01/03/2010

Um prejuízo não avaliado

Miguel Mota


Na avaliação de prejuízos, especialmente de perdas materiais, é fácil calcular o valor de casas ou de veículos que sofreram destruição. A perda de vidas humanas pode estar fora de tais cálculos porque para familiares e amigos o desaparecimento dum ente querido é irreparável. No entanto, especialmente quando há que pagar indemnizações, sempre se fazem alguns cálculos e se atribuem valores.

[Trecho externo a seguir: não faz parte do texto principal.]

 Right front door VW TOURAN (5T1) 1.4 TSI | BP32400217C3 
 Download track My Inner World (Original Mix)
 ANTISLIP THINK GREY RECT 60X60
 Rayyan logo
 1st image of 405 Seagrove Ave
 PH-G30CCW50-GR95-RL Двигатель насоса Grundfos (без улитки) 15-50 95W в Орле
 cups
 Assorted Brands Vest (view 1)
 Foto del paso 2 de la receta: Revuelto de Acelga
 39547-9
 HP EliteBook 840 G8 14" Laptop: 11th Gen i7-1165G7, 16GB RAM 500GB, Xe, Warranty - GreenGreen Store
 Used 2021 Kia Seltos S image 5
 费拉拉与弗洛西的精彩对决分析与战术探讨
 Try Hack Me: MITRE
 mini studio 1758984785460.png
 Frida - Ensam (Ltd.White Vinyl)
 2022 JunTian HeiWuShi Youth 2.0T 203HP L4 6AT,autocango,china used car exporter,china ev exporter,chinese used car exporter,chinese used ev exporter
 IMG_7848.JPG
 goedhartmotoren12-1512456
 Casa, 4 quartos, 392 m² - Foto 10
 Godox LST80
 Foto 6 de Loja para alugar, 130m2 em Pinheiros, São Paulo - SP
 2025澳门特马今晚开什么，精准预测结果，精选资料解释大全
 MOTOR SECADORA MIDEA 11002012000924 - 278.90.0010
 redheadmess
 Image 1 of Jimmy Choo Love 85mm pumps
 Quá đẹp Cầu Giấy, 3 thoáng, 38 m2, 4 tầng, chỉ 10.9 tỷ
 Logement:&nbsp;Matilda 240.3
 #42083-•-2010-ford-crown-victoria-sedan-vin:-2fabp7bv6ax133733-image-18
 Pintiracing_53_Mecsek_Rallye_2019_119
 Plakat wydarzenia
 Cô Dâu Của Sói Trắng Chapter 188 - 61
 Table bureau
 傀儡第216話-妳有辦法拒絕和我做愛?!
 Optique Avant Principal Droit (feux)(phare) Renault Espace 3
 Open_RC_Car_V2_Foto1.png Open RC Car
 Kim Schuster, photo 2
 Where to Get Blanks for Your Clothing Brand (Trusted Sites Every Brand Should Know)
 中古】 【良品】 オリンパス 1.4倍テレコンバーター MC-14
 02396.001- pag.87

Uma perda que normalmente passa despercebida, mesmo quando não é consequência de desastre, mas apenas da chuva normal, é a erosão do solo. A recente catástrofe na Ilha da Madeira, com chuvas torrenciais absolutamente anormais, como não se verificavam há muitíssimos anos, além da muito lamentável perda de vidas e de avultadíssimos bens materiais de mais fácil avaliação, causou uma perda de enormíssimo valor, que passou despercebida e não vai aparecer nas estatísticas. Trata-se da quantidade astronómica de solo arável que foi arrastado para o mar, desfalcando a terra onde se cultivam as plantas, assim diminuindo a produção agrícola. O solo agrícola que foi arrastado naquelas pavorosas torrentes, parecendo chocolate, que tudo levavam na sua frente, bens e vidas, deve ter sido o equivalente a muitos hectares de bom solo fértil. Penso que não seria impossível fazer um cálculo aproximado, sabendo o total de água caído e medindo a quantidade de sedimentos num litro ou num metro cúbico de água das torrentes.

Se esse caso extremo é bastante evidente e de impossível controle, ele chama a atenção para a perda que se dá todos os invernos, apenas com a chuva normal e que nem sempre é combatida, talvez porque as pessoas não se apercebem da sua importância, embora ela seja real.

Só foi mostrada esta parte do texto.